## Exercise aim
Reproduce exactly the lines of the material beneath, from the line that contains "Sterling Silver Wedding" to the line that contains "Fjord in winter, Norway photo", both included, and no other lines.
Data section Block Start
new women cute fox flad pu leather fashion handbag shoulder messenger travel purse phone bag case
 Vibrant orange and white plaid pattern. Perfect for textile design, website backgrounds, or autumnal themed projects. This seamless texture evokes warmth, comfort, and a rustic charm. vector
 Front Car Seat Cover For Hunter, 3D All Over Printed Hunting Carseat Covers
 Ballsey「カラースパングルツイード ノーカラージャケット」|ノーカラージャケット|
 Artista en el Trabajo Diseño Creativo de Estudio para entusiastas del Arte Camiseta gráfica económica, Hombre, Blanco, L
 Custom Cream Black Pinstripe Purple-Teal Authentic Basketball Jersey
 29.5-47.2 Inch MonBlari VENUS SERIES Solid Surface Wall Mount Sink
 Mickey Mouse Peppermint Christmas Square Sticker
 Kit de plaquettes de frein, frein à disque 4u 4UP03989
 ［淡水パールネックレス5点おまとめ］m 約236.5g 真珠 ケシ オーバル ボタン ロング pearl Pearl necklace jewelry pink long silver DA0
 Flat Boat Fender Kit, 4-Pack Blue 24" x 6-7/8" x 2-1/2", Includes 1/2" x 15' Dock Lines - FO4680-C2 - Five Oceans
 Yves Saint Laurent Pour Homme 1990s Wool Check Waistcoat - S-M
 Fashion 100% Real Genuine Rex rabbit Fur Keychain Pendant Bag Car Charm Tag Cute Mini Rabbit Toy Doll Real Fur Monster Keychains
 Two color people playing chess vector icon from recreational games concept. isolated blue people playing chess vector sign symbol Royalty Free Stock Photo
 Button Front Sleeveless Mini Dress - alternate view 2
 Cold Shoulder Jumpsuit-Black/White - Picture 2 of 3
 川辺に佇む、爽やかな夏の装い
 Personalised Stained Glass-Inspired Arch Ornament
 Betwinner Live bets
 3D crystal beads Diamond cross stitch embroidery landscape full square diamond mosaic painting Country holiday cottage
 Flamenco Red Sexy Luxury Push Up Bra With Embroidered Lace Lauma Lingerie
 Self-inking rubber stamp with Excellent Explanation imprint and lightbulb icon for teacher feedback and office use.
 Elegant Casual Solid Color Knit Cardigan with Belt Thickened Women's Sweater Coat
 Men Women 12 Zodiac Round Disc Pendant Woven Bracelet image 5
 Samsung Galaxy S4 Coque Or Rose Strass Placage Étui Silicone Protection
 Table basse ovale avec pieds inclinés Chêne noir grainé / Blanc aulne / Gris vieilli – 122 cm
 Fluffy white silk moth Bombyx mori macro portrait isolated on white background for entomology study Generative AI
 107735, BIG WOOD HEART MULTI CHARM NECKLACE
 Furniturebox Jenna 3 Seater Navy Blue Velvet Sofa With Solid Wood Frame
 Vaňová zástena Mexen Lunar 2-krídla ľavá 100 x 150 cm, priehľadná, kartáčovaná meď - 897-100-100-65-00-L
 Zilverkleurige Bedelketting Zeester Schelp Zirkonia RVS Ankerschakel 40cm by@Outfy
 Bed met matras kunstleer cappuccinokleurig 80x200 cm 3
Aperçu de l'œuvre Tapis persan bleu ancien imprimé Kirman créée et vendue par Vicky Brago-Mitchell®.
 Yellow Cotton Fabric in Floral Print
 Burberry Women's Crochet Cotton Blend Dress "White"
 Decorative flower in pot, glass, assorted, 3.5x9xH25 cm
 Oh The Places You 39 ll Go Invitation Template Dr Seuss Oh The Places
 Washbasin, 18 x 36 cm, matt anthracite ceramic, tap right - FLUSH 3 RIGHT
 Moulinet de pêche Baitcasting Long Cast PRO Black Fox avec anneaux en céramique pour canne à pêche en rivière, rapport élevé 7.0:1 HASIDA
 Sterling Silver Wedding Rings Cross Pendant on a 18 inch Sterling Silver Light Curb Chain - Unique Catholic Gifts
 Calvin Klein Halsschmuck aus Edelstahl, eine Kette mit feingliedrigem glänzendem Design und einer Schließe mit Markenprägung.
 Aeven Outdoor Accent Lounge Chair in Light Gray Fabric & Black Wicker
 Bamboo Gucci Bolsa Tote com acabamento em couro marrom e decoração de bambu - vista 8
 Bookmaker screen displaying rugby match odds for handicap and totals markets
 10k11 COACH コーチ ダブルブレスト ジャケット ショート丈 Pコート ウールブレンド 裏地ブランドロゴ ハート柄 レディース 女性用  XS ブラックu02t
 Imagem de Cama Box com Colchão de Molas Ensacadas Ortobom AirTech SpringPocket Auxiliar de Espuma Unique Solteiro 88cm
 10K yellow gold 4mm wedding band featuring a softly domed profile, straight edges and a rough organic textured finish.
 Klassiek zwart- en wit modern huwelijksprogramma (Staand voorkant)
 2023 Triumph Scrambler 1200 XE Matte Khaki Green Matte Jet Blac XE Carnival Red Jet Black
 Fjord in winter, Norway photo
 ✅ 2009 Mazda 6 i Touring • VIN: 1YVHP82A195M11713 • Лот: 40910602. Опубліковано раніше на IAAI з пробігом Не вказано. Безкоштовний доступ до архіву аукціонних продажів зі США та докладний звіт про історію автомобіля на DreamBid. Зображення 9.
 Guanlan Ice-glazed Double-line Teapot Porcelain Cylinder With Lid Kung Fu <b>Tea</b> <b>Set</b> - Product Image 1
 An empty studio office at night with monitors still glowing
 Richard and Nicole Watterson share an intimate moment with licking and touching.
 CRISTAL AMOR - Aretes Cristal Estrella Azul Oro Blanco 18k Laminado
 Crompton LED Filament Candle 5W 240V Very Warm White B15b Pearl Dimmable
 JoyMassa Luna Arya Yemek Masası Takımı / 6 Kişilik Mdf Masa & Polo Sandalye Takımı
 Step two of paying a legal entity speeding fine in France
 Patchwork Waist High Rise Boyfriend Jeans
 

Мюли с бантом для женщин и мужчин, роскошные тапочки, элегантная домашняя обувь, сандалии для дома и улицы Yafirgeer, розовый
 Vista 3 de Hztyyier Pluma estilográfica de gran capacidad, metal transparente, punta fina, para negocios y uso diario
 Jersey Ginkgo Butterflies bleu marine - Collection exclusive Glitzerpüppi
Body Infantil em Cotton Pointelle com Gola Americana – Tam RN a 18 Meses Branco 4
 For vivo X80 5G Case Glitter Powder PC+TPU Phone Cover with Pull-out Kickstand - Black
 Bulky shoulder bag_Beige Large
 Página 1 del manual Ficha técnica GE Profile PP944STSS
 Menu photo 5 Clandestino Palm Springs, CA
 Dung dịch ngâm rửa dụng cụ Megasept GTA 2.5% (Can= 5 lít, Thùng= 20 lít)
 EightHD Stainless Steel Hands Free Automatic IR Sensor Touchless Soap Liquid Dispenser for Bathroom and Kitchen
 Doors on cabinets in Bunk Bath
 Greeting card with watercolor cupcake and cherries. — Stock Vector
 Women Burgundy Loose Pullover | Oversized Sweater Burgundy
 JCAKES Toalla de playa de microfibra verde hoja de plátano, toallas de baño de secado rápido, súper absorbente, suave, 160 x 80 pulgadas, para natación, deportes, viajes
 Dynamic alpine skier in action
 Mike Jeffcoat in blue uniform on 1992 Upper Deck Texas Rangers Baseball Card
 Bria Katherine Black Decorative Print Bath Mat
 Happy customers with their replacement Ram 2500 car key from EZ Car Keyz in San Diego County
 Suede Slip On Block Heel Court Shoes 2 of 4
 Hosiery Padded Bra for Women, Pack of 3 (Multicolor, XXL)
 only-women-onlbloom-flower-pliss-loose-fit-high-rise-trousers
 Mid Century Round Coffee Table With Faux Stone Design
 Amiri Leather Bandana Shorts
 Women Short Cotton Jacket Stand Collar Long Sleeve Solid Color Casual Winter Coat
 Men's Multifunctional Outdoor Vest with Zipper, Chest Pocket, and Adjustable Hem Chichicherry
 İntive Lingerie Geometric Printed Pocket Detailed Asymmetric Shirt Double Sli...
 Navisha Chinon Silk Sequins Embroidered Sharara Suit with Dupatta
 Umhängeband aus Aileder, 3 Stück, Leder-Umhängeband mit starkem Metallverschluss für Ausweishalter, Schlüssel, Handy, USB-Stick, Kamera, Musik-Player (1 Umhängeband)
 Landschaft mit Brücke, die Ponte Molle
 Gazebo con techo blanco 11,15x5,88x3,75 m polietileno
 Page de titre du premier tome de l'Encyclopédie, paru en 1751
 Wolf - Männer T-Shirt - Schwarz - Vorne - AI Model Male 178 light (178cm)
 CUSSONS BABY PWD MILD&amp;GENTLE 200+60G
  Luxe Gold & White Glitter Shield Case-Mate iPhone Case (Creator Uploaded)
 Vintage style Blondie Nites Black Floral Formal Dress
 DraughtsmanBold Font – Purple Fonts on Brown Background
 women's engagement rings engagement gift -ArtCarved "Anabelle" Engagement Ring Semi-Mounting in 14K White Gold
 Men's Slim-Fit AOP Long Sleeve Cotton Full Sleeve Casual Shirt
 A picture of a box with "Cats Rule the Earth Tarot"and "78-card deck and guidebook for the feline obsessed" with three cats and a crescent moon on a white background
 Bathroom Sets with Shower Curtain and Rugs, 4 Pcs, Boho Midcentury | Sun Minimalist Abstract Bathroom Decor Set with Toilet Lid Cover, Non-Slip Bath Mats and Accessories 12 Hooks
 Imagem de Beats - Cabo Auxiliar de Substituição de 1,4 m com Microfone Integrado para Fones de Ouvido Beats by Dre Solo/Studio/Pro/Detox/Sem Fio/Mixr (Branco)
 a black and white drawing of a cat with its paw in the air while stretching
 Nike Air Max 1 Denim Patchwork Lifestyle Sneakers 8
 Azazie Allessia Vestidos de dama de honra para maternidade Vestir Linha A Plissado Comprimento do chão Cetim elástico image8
Data section Block End
## Exercise solution
 Sterling Silver Wedding Rings Cross Pendant on a 18 inch Sterling Silver Light Curb Chain - Unique Catholic Gifts
 Calvin Klein Halsschmuck aus Edelstahl, eine Kette mit feingliedrigem glänzendem Design und einer Schließe mit Markenprägung.
 Aeven Outdoor Accent Lounge Chair in Light Gray Fabric & Black Wicker
 Bamboo Gucci Bolsa Tote com acabamento em couro marrom e decoração de bambu - vista 8
 Bookmaker screen displaying rugby match odds for handicap and totals markets
 10k11 COACH コーチ ダブルブレスト ジャケット ショート丈 Pコート ウールブレンド 裏地ブランドロゴ ハート柄 レディース 女性用  XS ブラックu02t
 Imagem de Cama Box com Colchão de Molas Ensacadas Ortobom AirTech SpringPocket Auxiliar de Espuma Unique Solteiro 88cm
 10K yellow gold 4mm wedding band featuring a softly domed profile, straight edges and a rough organic textured finish.
 Klassiek zwart- en wit modern huwelijksprogramma (Staand voorkant)
 2023 Triumph Scrambler 1200 XE Matte Khaki Green Matte Jet Blac XE Carnival Red Jet Black
 Fjord in winter, Norway photo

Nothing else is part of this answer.